The current status of national implementation legislation is not known. In September 2013, the Monitor was informed that a committee on international humanitarian law was considering the status of international instruments that Nigeria is party to or has yet to join. While consultations were ongoing, the implementing legislation for the Mine Ban Treaty had not yet been sent by the committee to parliament.[2] In 2006, Nigeria reported that an implementation bill was undergoing its first reading in the National Assembly.[3]
Nigeria attended the convention’s Fourth Review Conference in Oslo in November 2019, where it provided its first update on new use of landmines by a non-state armed group (NSAG). Nigeria did not attend the intersessional meetings held online in June–July 2020.
It is unclear if Nigeria is in violation of its Article 5 obligations from any residual contamination from the Biafran Civil War. In 2004, Nigeria did not report any contamination in its initial Article 7 report. Subsequent Article 7 reports suggest contamination was periodically cleared in areas associated with the Biafran Civil War. In October 2017, the Economic Community of Western African States (ECOWAS) Court of Justice awarded 88 billion Naira (US$242.4 million) in damages against the federal government for its failure to clear landmines and other explosive remnants of war (ERW) remaining from the civil war in the southeast of the country. In a consent judgment, the court ordered the federal government to commence clearance within 45 days. Landmine victims had launched the legal case against the Nigerian government at the ECOWAS Court in 2012, requesting the court to order the Nigerian government to act on explosive hazards remaining in 11 states within the country.[4] In May 2019, Nigeria stated at the intersessional meetings that “as soon as security conditions permit, non-technical survey of antipersonnel mines, anti-vehicle mines, Improvised Explosive Devices (IEDs) will commence in Nigeria’s three most conflict affected states, Borno, Yobe, and Adamawa and this will enable us to provide necessary information on the discovery of any contamination from antipersonnel mines, including victim-activated IEDs.”[5]

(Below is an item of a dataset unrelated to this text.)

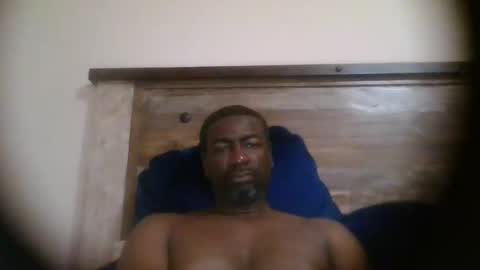 bluuthunder1914 online show from November 25, 12:34 am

Nigeria has signed, but not ratified, both the Convention on Cluster Munitions and the Convention on Conventional Weapons (CCW).
Use
Boko Haram militants have used landmines, improvised landmines, and other types of IEDs in attacks, primarily in the northeast of Nigeria. Nigeria has not provided an Article 7 report since 2012, which would update States Parties regarding any new mine use within the country.

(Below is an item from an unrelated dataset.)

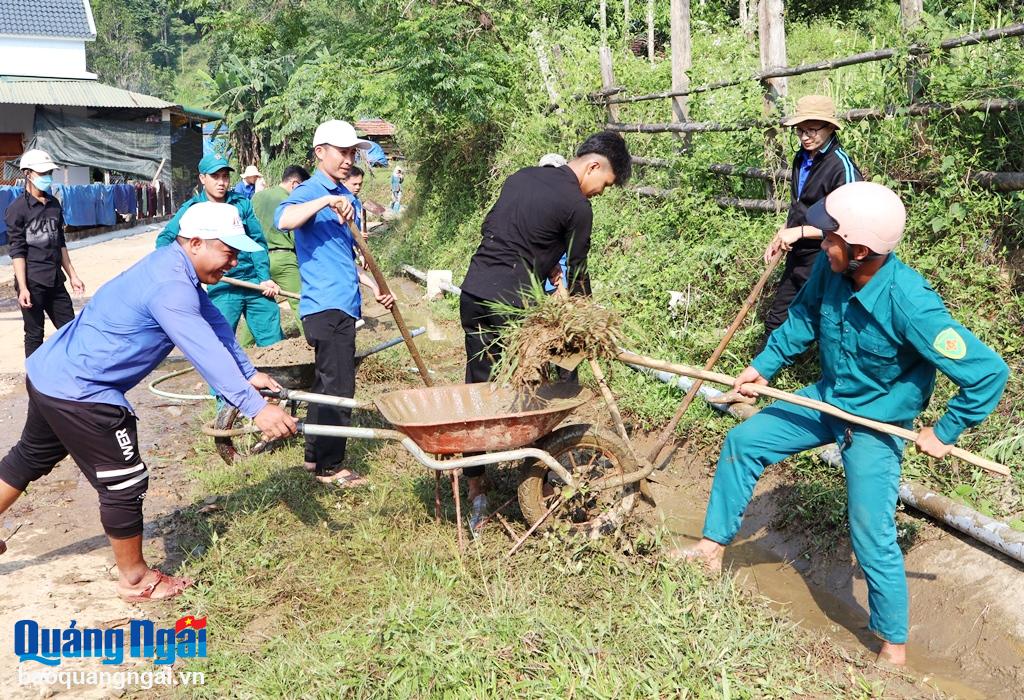 Huyện đoàn Minh Long tổ chức Chiến dịch tình nguyện hè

At the Mine Ban Treaty’s Fourth Review Conference, Nigeria stated that NSAGs had been producing and using antipersonnel landmines of an improvised nature in the northeast of the country. Nigeria stated that due to insecurity it had been unable to conduct a comprehensive survey to determine the extent of the contamination in the most affected states of Borno, Yobe, and Adamawa. Nigeria has constituted an Inter-Ministerial Committee to develop a National Mine Action Strategy and to prepare a work plan for survey and clearance. Nigeria has stated that it “wishes to comply with the obligations of the APMBC [Anti-Personnel Mine Ban Convention], namely preparing an updated Article 7 transparency report and by developing an Article 5 extension request to work audaciously towards the clearance of all mined areas in order to meet the 2025 Convention deadline. The Committee’s preliminary investigation has discovered the use of victim-activated Improvised Explosive Devices which fall under the definition of AP [Anti-Personnel] mines according to the Convention. It is expected that the Committee’s Article 7 report will provide details on all suspected and confirmed improvised landmine contamination areas.”[6]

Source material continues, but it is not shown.